Investment Risk in Russia Rises as Khodorkovsky Conviction Upheld

Reuters

Pavel Ivlev, founder and chairman of the Committee for Russian Economic Freedom, condemned today’s verdict by the Moscow City Court upholding the false conviction of Mikhail Khodorkovsky, former Yukos CEO and Russia’s most well-known political prisoner, saying the result compounds investment risk in Russia.

Putin’s regime today put its own greed ahead of the interests of ordinary Russians who are starved for the capital they need to bolster their economy, create jobs and modernize the country,” Ivlev said. “The court’s decision mocks the rule of law and reconfirms the wide-held belief that it’s unsafe both physically and financially to invest in Russia.

Khodorkovsky and his business partner and co-defendant Platon L. Lebedev were found guilty by a lower court in Dec. 2010 on a second round of trumped up charges stemming from bizarre allegations that they embezzled the entire production of the Yukos Oil Company from 1998 to 2003. Today, the Moscow City Court upheld the verdict.

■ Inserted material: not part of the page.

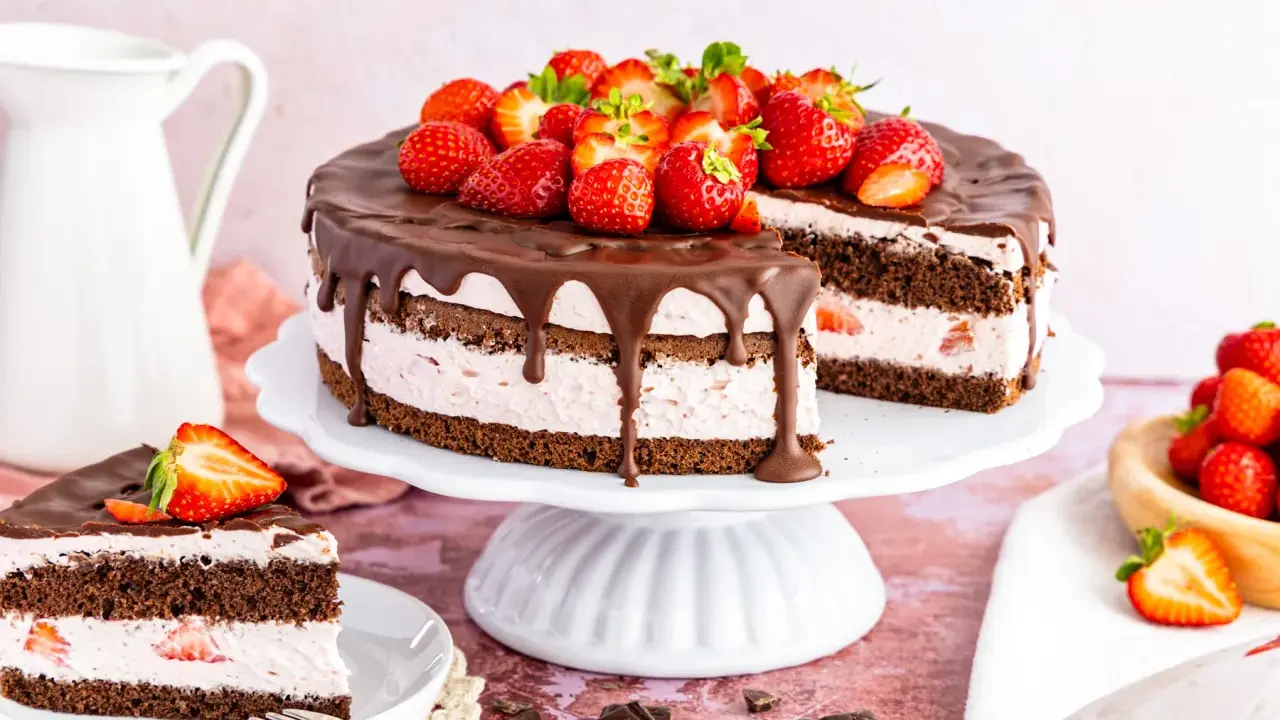 Ein saftiger Erdbeerkuchen mit Schokolade, dekoriert mit frischen Erdbeeren und Schokoladenglasur. Ein Stück ist bereits angeschnitten.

Both men, who have been in jail since 2003, now face prison camp terms through at least 2016.

Years after Russia began its so-called modernization, the country still looks very much as it did two or three decades ago, where individuals can be locked up indefinitely based on little or no evidence,” Ivlev said. “Investors should be wary of putting their money in a country where the judiciary fails to follow the rule of law and where the rulers pick the market’s winners and losers.”

Khodorkovsky, who entered the Moscow courtroom to applause, spoke about the Dec. 2010 verdict, saying,

In what dusty cellar did they dig up that poisonous Stalinist spider who wrote this drivel? What kind of long-term investments can one talk about with such justice? No modernization will succeed without a purging of these cellars.”

“There is no way to correct this verdict,” Khodorkovsky continued. “Either overturn and terminate this shamefulness, or join ranks with the criminals, who spit on the law. I have nothing to talk about with criminals, even those in a judge’s robe. And indeed there is no reason for me to. I do not need mercy from criminals.”